[ 
https://issues.apache.org/jira/browse/HDFS-1459?page=com.atlassian.jira.plugin.system.issuetabpanels:all-tabpanel
 ]

Hajo Nils Krabbenhöft updated HDFS-1459:
----------------------------------------

    Description: 
First, here's my source code accessing the HDFS:


final FSDataInputStream indexFile = getFile(bucketPathStr, 
Integer.toString(hashTableId) + ".index");
indexFile.seek(bucketId * 4);
int bucketStart = ByteSwapper.swap(indexFile.readInt());
int bucketEnd = ByteSwapper.swap(indexFile.readInt());

final FSDataInputStream dataFile = getFile(bucketPathStr, 
Integer.toString(hashTableId) + ".data");
dataFile.seek(bucketStart * (2 + Hasher.getConfigHashLength()) * 4);

for (int hash = bucketStart; hash < bucketEnd; hash++) {
        int RimageIdA = ByteSwapper.swap(dataFile.readInt());
        int RimageIdB = ByteSwapper.swap(dataFile.readInt());
        ....... read hash of length Hasher.getConfigHashLength() and work with 
it ....
}


As you can see, i am reading the range to be read from an X.index file and then 
read these rows from X.data. The index file is always exactly 6.710.888 bytes 
in length.

As for the data file, everything works fine with 50 different 1.35 GB (22 
blocks) data files and it fails every time i tried with 50 different 2.42 GB 
(39 blocks) data files. So the cause of the bug is clearly dependent on the 
file size.

I checked for ulimit and for the number of network connections and they are 
both not maxed out when the error occurs. The stack trace i get is:

java.lang.NullPointerException
        at 
org.apache.hadoop.hdfs.DFSClient$DFSInputStream.readBuffer(DFSClient.java:1703)
        at 
org.apache.hadoop.hdfs.DFSClient$DFSInputStream.read(DFSClient.java:1755)
        at 
org.apache.hadoop.hdfs.DFSClient$DFSInputStream.read(DFSClient.java:1680)
        at java.io.DataInputStream.readInt(DataInputStream.java:370)
...
        at org.apache.hadoop.mapred.MapRunner.run(MapRunner.java:50)
        at org.apache.hadoop.mapred.MapTask.runOldMapper(MapTask.java:358)
        at org.apache.hadoop.mapred.MapTask.run(MapTask.java:307)
        at org.apache.hadoop.mapred.Child.main(Child.java:170)

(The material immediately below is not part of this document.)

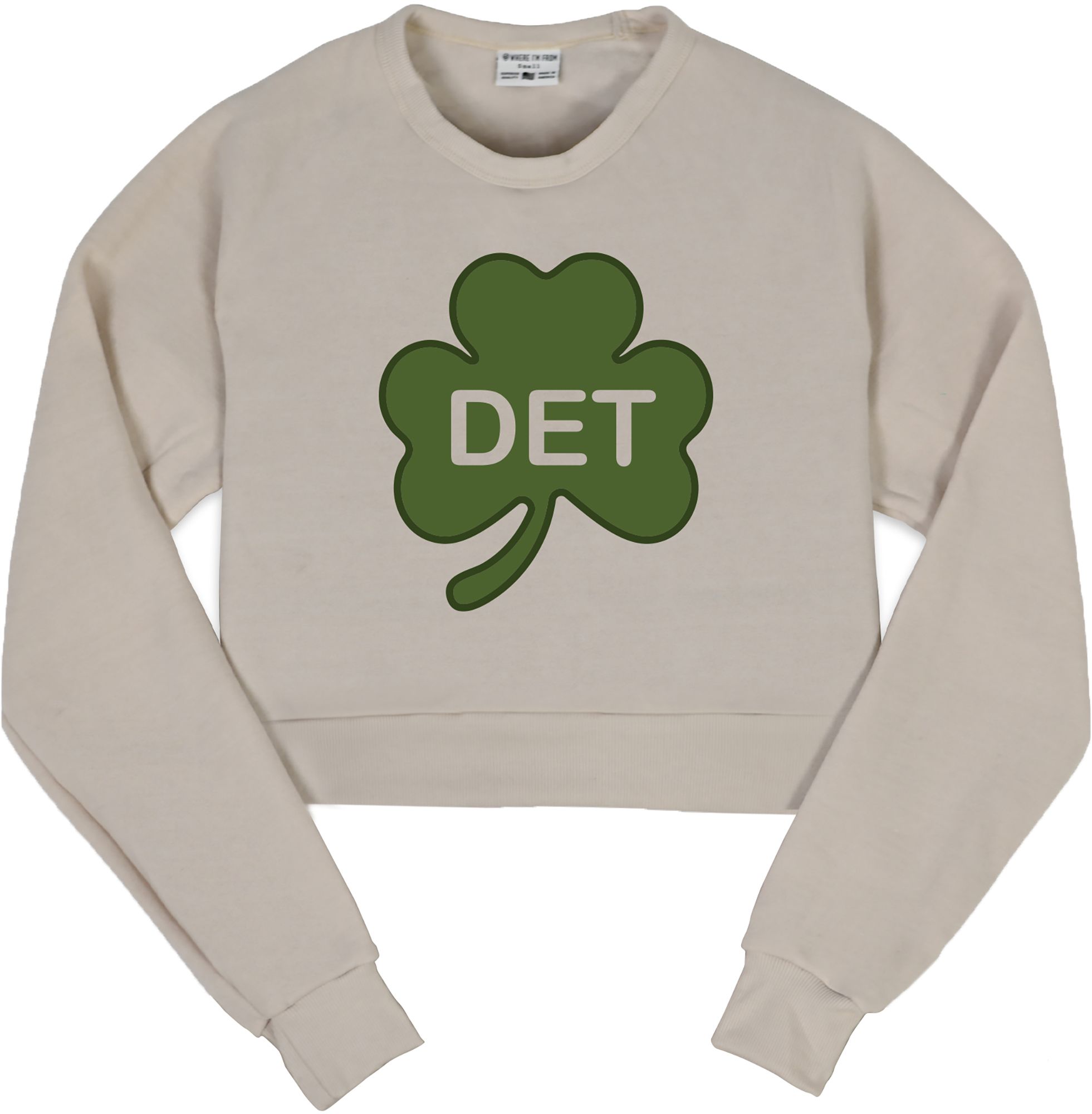 Where I'm From Women's Detroit St. Patrick's Day Oatmeal City Code Cropped Crewneck Sweatshirt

which leads me to believe that DFSClient.blockSeekTo returns with a non-null 
chosenNode but with blockReader = null.

Since the exact same jar works flawlessly with small data files and fails 
reliably with big data files, i'm wondering how this could possibly dependent 
on the file's size or block count (DFSClient.java line 1628+):

s = socketFactory.createSocket();
NetUtils.connect(s, targetAddr, socketTimeout);
s.setSoTimeout(socketTimeout);
Block blk = targetBlock.getBlock();

blockReader = BlockReader.newBlockReader(s, src, blk.getBlockId(), 
    blk.getGenerationStamp(),
    offsetIntoBlock, blk.getNumBytes() - offsetIntoBlock,
    buffersize, verifyChecksum, clientName);
return chosenNode;


  was:

First, here's my source code accessing the HDFS:


final FSDataInputStream indexFile = getFile(bucketPathStr, 
Integer.toString(hashTableId) + ".index");
indexFile.seek(bucketId * 4);
int bucketStart = ByteSwapper.swap(indexFile.readInt());
int bucketEnd = ByteSwapper.swap(indexFile.readInt());

final FSDataInputStream dataFile = getFile(bucketPathStr, 
Integer.toString(hashTableId) + ".data");
dataFile.seek(bucketStart * (2 + Hasher.getConfigHashLength()) * 4);

for (int hash = bucketStart; hash < bucketEnd; hash++) {
        int RimageIdA = ByteSwapper.swap(dataFile.readInt());
        int RimageIdB = ByteSwapper.swap(dataFile.readInt());
        ....... read hash of length Hasher.getConfigHashLength() and work with 
it ....
}


As you can see, i am reading the range to be read from an X.index file and then 
read these rows from X.data. The index file is always exactly 6.710.888 bytes 
in length.

As for the data file, everything works fine with 50 different 1.35 GB (22 
blocks) data files and it fails every time i tried with 50 different 2.42 GB 
(39 blocks) data files. So the cause of the bug is clearly dependent on the 
file size.

I checked for ulimit and for the number of network connections and they are 
both not maxed out when the error occurs. The stack trace i get is:

java.lang.NullPointerException
        at 
org.apache.hadoop.hdfs.DFSClient$DFSInputStream.readBuffer(DFSClient.java:1703)
        at 
org.apache.hadoop.hdfs.DFSClient$DFSInputStream.read(DFSClient.java:1755)
        at 
org.apache.hadoop.hdfs.DFSClient$DFSInputStream.read(DFSClient.java:1680)
        at java.io.DataInputStream.readInt(DataInputStream.java:370)
...
        at org.apache.hadoop.mapred.MapRunner.run(MapRunner.java:50)
        at org.apache.hadoop.mapred.MapTask.runOldMapper(MapTask.java:358)
        at org.apache.hadoop.mapred.MapTask.run(MapTask.java:307)
        at org.apache.hadoop.mapred.Child.main(Child.java:170)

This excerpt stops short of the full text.